§ WHAT THE TASK REQUIRES: Keep to the lines from the one with "Xiaomi 17T Pro" through the end of the data, and write them out exactly.

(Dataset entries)
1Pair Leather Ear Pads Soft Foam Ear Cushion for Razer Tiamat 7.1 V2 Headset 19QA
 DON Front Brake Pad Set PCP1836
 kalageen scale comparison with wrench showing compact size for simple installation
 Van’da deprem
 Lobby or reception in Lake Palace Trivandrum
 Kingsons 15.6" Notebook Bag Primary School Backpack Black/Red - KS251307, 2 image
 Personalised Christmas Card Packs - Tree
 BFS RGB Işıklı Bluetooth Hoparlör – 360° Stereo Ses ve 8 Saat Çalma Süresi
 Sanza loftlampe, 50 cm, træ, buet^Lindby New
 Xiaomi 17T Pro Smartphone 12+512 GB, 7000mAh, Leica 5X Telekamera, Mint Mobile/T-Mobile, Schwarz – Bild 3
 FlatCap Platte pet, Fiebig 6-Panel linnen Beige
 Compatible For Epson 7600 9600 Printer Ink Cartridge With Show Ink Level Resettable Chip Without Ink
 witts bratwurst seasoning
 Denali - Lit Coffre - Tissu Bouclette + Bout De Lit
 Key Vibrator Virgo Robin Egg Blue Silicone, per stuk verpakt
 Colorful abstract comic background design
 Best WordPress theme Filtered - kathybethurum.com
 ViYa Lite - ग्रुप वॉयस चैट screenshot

§ ANSWER AREA:
 Xiaomi 17T Pro Smartphone 12+512 GB, 7000mAh, Leica 5X Telekamera, Mint Mobile/T-Mobile, Schwarz – Bild 3
 FlatCap Platte pet, Fiebig 6-Panel linnen Beige
 Compatible For Epson 7600 9600 Printer Ink Cartridge With Show Ink Level Resettable Chip Without Ink
 witts bratwurst seasoning
 Denali - Lit Coffre - Tissu Bouclette + Bout De Lit
 Key Vibrator Virgo Robin Egg Blue Silicone, per stuk verpakt
 Colorful abstract comic background design
 Best WordPress theme Filtered - kathybethurum.com
 ViYa Lite - ग्रुप वॉयस चैट screenshot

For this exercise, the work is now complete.